> Exercise:
Starting with the line that contains "RoC Retinol Correxion Max Daily Hydration", return every line through the end of the listing below exactly as written. Omit the pictures.

> Provided records:

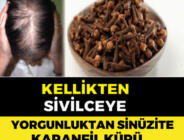 KELLİKTEN, SİVİLCEYE YORGUNLUKTAN SİNÜZİTE MÜKEMMEL KÜR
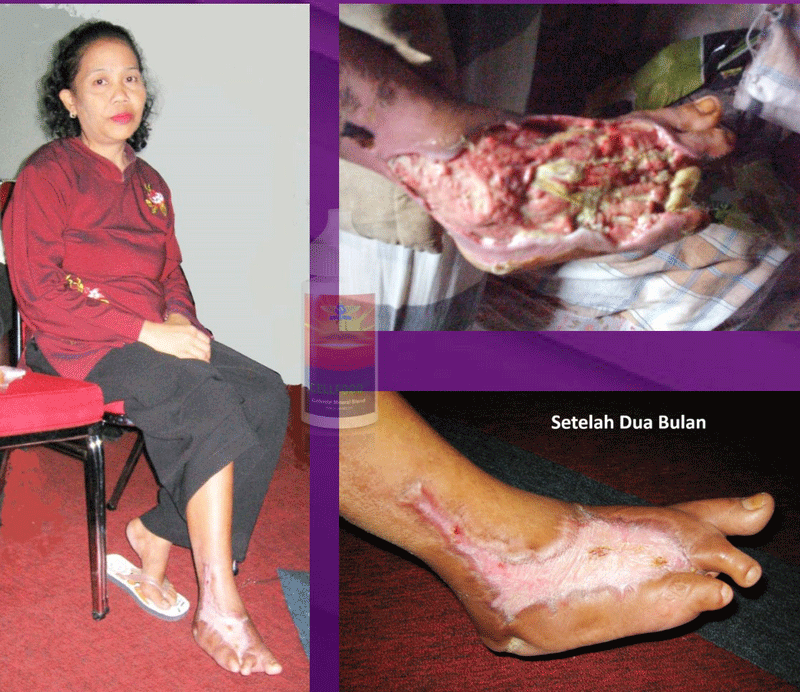 Testimoni 2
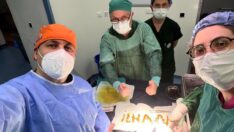 Safra kesesinden çıkanlar şaşırttı!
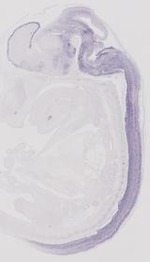 EMAGE:31891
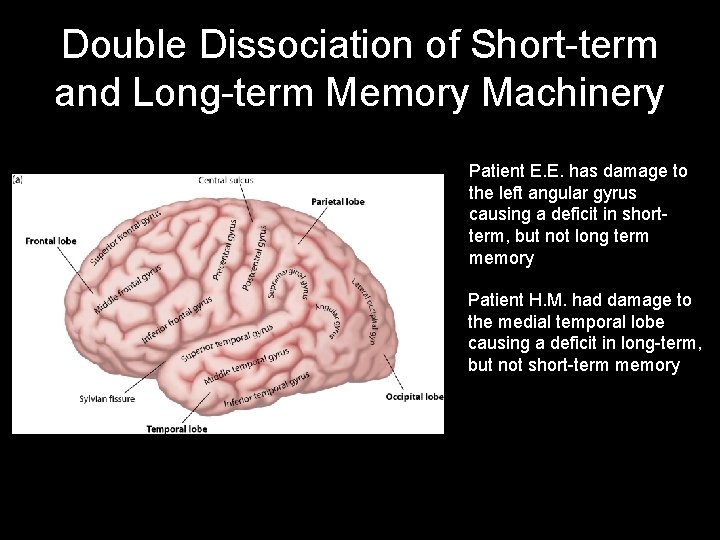 Double Dissociation of Short-term and Long-term Memory Machinery Patient E. E. has damage to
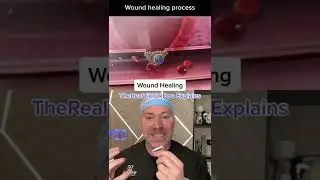 How Wound Healing Actually Works ❤️&zwj;🩹 #shorts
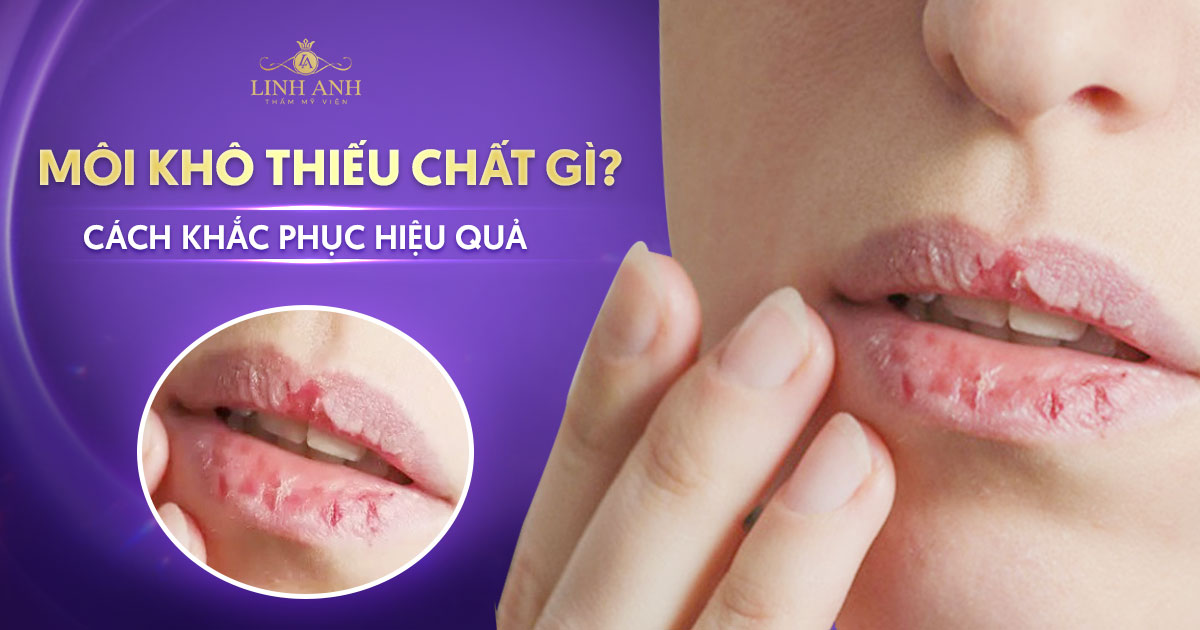 Môi khô thiếu chất gì? Cách khắc phục môi khô nứt nẻ hiệu quả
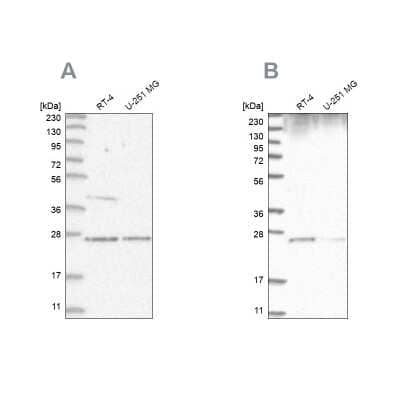 Western Blot: GRB2 Antibody [NBP2-55208]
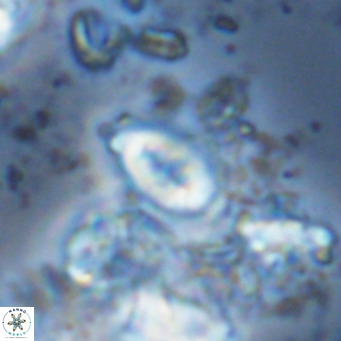 Neocrepidolithus neocrassus VR 10033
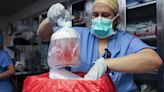 Pig kidney transplant patient dies 7 weeks after groundbreaking operation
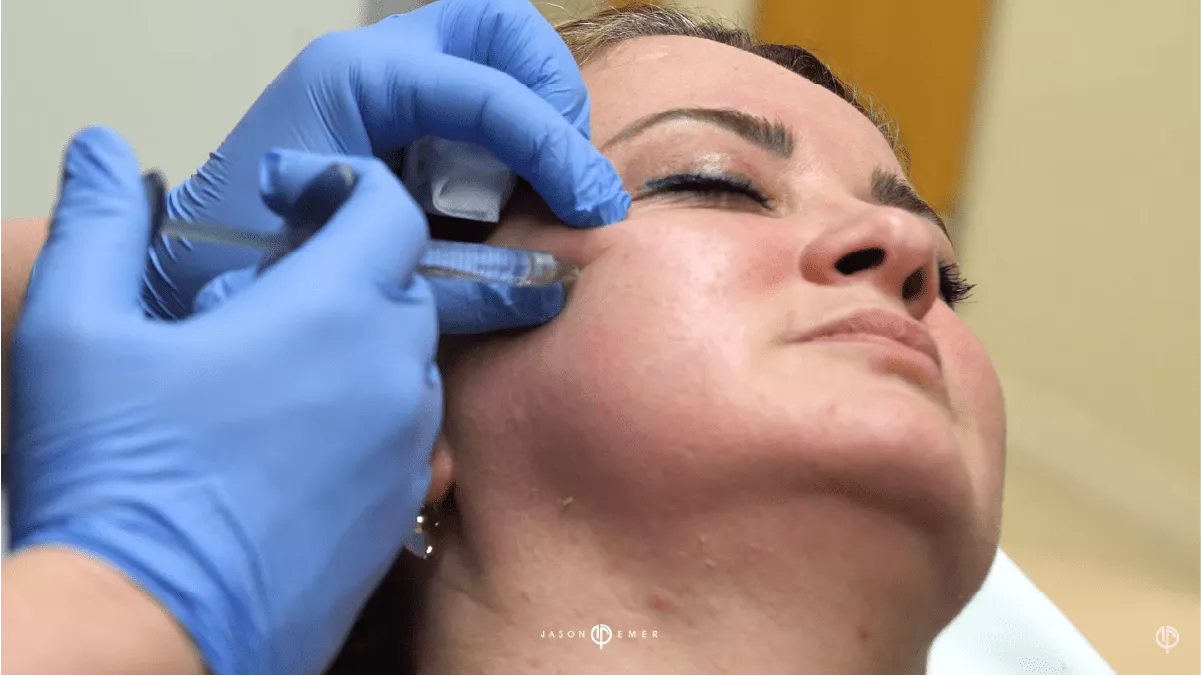 IRIS CHEEK, CHIN, LIP FILLER FEMALE FACIAL SCULPTING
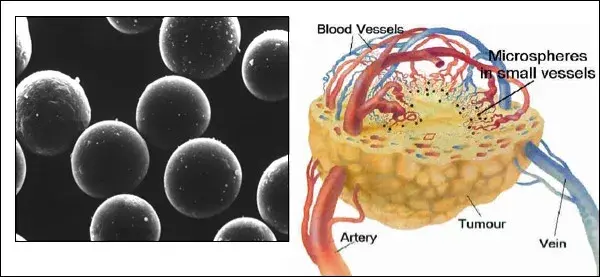 Medtech Fda批准therasphere Y 90玻璃微球 知乎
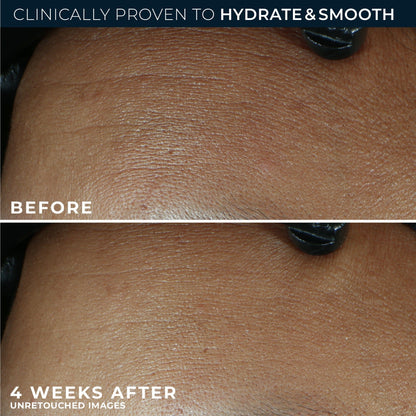RoC Retinol Correxion Max Daily Hydration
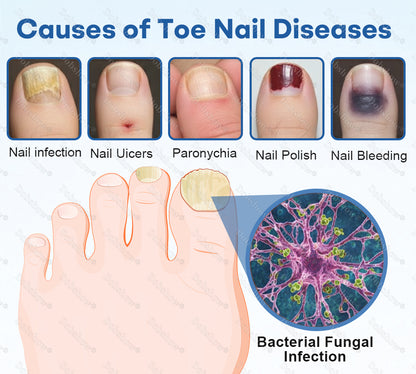 🔥Healrize®Nano Rapid Clear Nail Fungus Rapair Liquid – Effective in Seven Days, Permanently Eliminates the Root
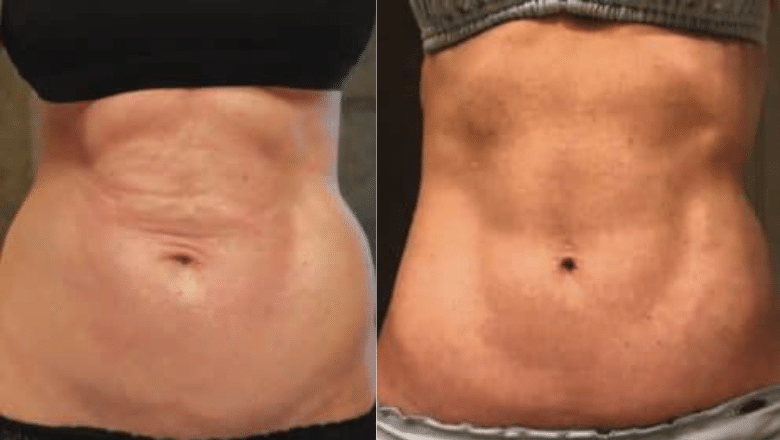 bodytite and Morpheus8 abdomen before after 2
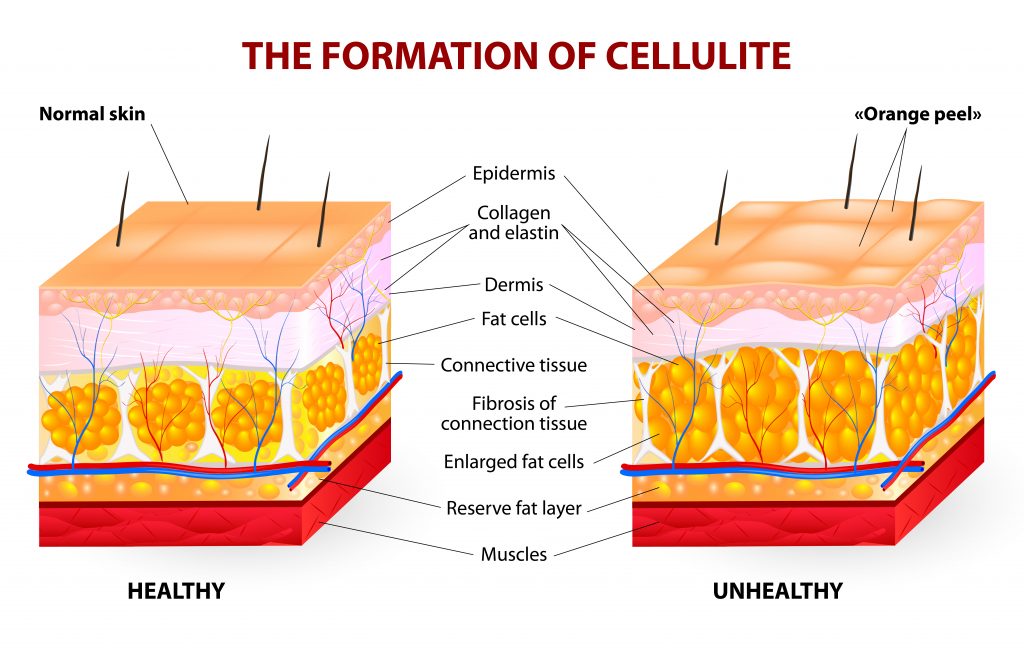 The Formation Of Cellulite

> Result of the exercise:
RoC Retinol Correxion Max Daily Hydration
 🔥Healrize®Nano Rapid Clear Nail Fungus Rapair Liquid – Effective in Seven Days, Permanently Eliminates the Root
 bodytite and Morpheus8 abdomen before after 2
 The Formation Of Cellulite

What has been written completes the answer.